I doubt anyone has any experience with it as it is new. However, I have the older, wireless TackTick gear on my boat and have been very happy with it.


----------



## Pub911 (Oct 25, 2007)

Thanks Saildog. Hey, what's your home port - there's a Telstar 28 in mine...just wondering.


----------



## sailingdog (Mar 19, 2006)

I'm up in Buzzards Bay, MA.... I know whose boat you're thinking of though.


----------



## SimonV (Jul 6, 2006)

sailingdog said:


> I doubt anyone has any experience with it as it is new. However, I have the older, wireless TackTick gear on my boat and have been very happy with it.

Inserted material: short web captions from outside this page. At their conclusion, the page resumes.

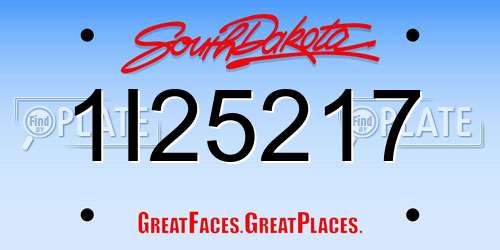 1I25217 South Dakota License Plate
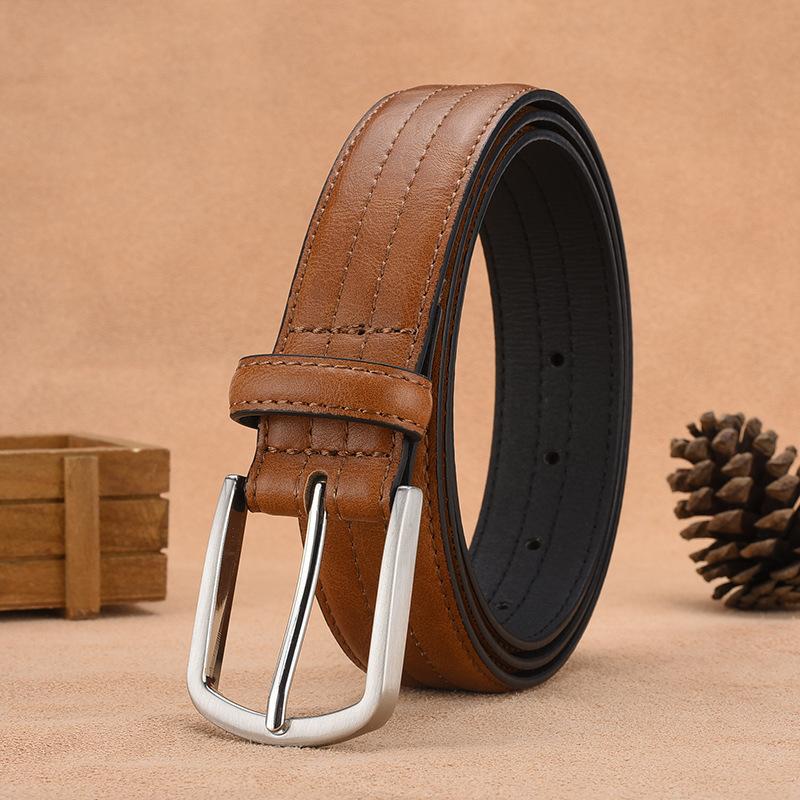 Men'S Belt Pin Buckle Belt Pu Belt Men'S Trouser Bag One Piece Big Hair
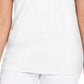 Camiseta feminina Karen Scott de algodão com gola recortada, branca, tamanho XX-G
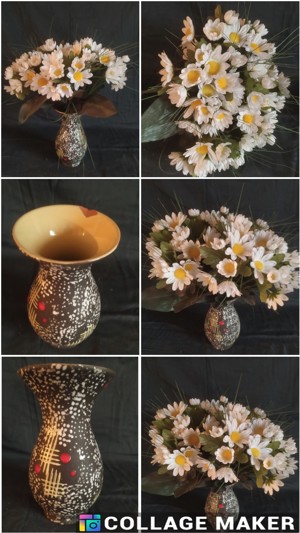 Vasen und künstliche Blumensträuße, Vintage Bild 7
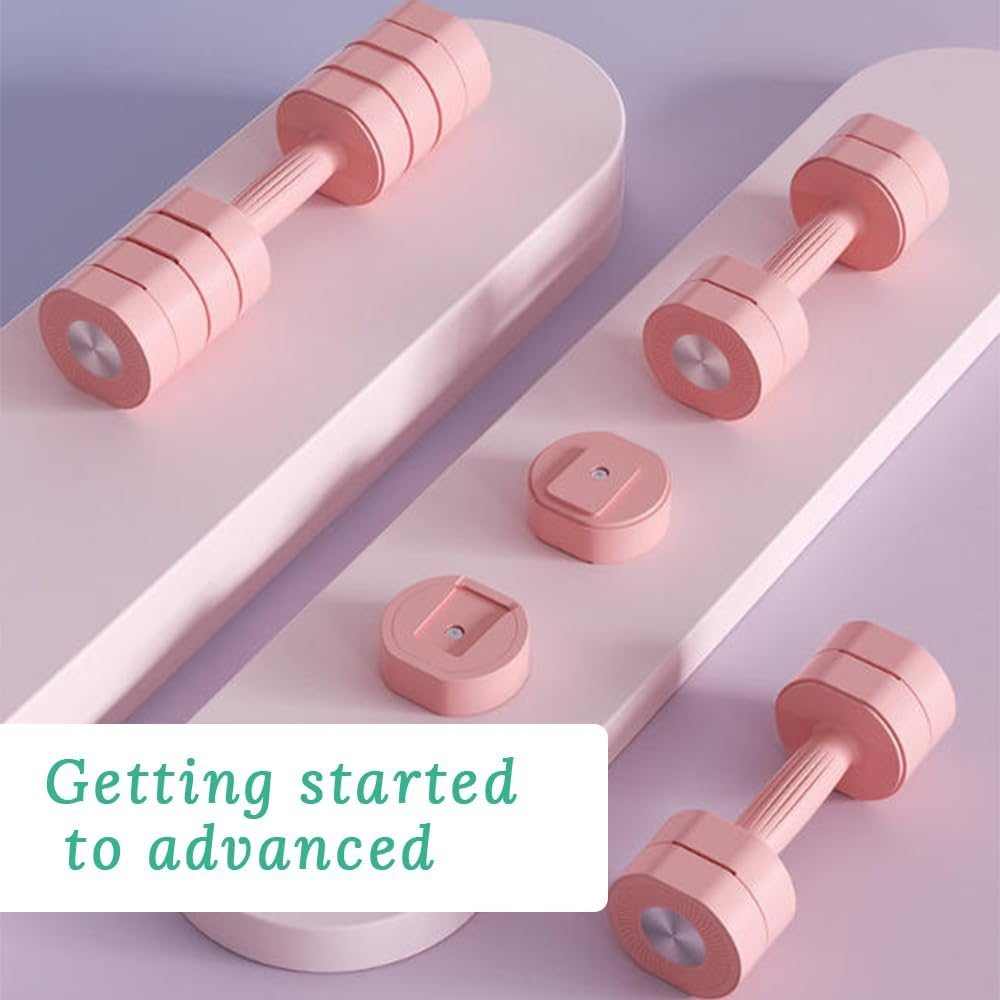 Adjustable Dumbbells Set,4 in 1 Hand Weights Set,Quick-Change Disc,With TPU Soft Rubber Handle,For Women & Men,Home Gym Exercise Workout Strength Training Equipments - Black image number 4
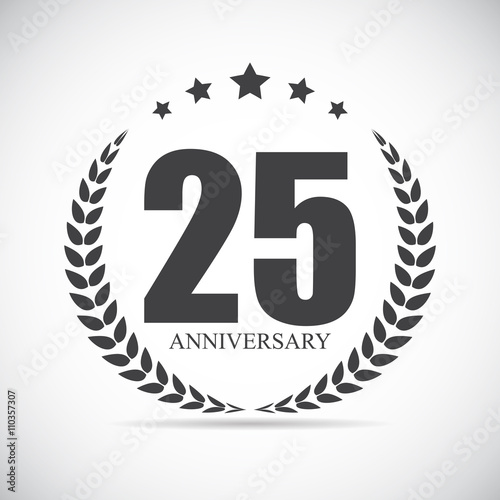 Template Logo 25 Years Anniversary Vector Illustration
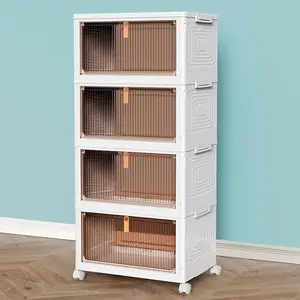 4-Tier Stackable Storage Bins with Lid & Wheels – Foldable Plastic Storage Organizer Cabinet, 93QT, White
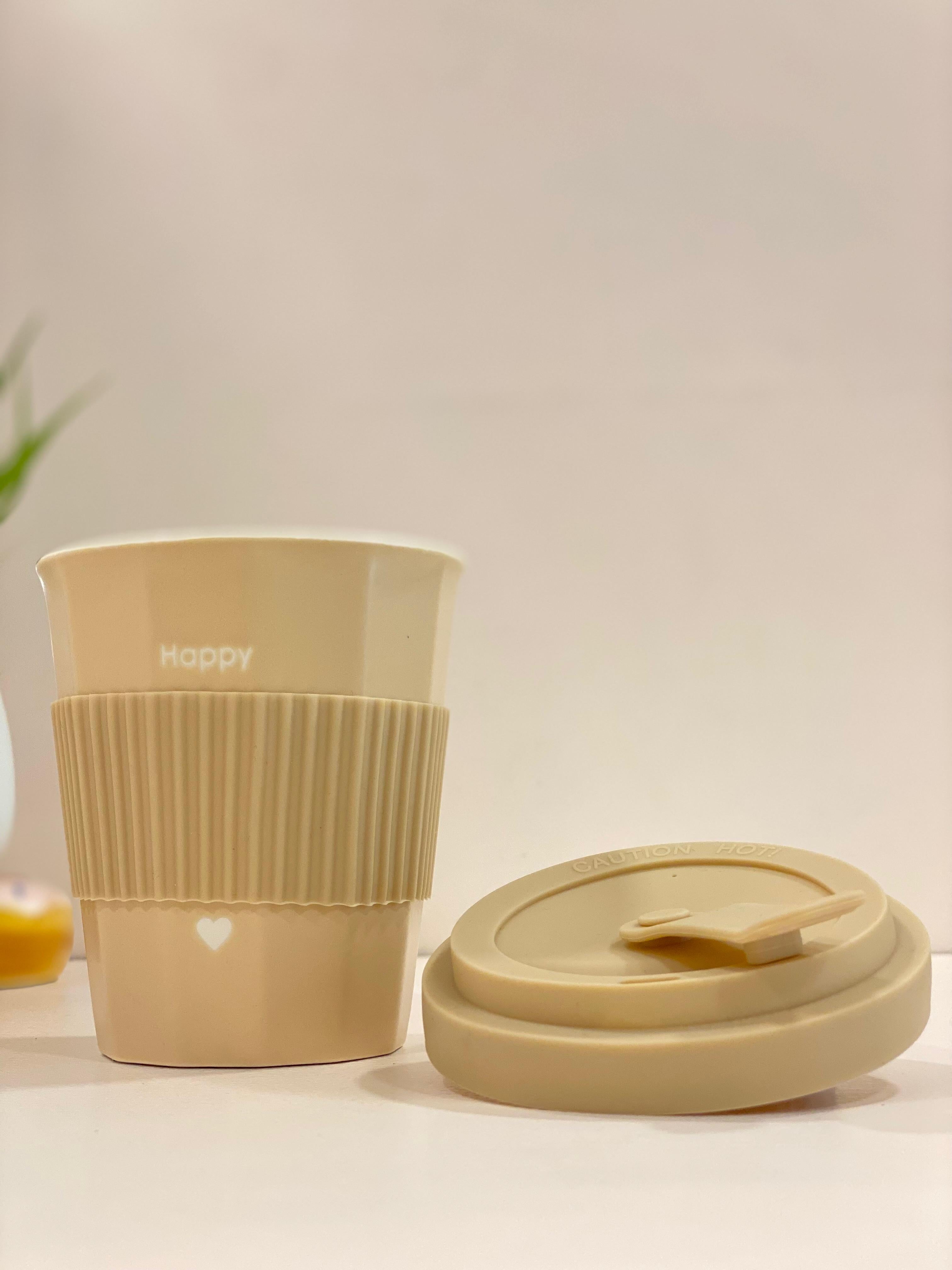 Eco-Friendly Reusable Coffee Cup with Silicone Sleeve & Lid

SD, surprisingly I met a couple of cruisers crossing the puddle and they were not happy with TackTick. Both their units lost all, or partial display, one was on his third set since leaving the Med. Replaced each time under warranty. I like the concept but is this just a problem with all LED displays. My Navman units in the cockpit have lost the led displays but the information is still available and I now read that info by using the repeater, which I relocated to the cockpit.


----------



## sailingdog (Mar 19, 2006)

Simon-

The TackTick displays are LCD, not LED.  I haven't had a problem with mine, but mine are installed in a much more protected location than most, as you can see in this photo.


----------



## SimonV (Jul 6, 2006)

SD, sorry my bad, I ment LCD i have been reading the LED stuff to much.


----------



## paulk (Jun 2, 2000)

Tacktic had problems early on with displays fogging, but that seems to have been fixed AFAIK. We've had the wireless setup for two seasons, and find it really convenient, since we put the displays anywhere we like with double-stick velcro tape. We have had problems with the windspeed sender unit not registering with the displays and going dead on occasion. This may be partly due to masthead visits by protected waterfowl species. We are getting that unit replaced under warrantee now that the mast is down. Otherwise, the displays are legible at a good distance, bright enough to see at night, and versatile as to the range of information and what is shown on each display.


----------



## sailingdog (Mar 19, 2006)

One advantage of the TackTick wind displays, and that is probably the same with the wired unit, is that the wind unit can either display wind direction or be setup to display close-hauled wind angles only. This can help with fine-tuning the sail trim if you're into racing.


----------



## TSOJOURNER (Dec 16, 1999)

*Tacktick T033*

Their website says only for boats under 35', doesn't say why! Is the masthead unit the same as the T120? I found the info on their website, including the user manuals which I downloaded and their FAQ's written in a demeaning manner figuring we're all too dumb to understand technicalities. My mast head is 58' from the intended display position (my boat is over 35' but what does that matter!) anyone know if the T033 will work over that distance? I prefer the simpler (+ cheaper) T033 system to the T101 system since I prefer to provide constant power from my boat electrical system, not rely on an internal battery that will eventually go bad and not be user serviceable. I plan to mount the display in a protected area away from the sun.


----------



## Pub911 (Oct 25, 2007)

Sorry, Svamulet. I ran out of $ by launch time and did not purchase these units. I too was unable to decipher the <35' comment. It's an odd way to position a product of this kind.


----------



## CaptnPete (Apr 5, 2009)

*Tacktick Review*

I would not recommend Tacktick devices. They are too costly, there is terrible technical support and they have interference problems from other devices.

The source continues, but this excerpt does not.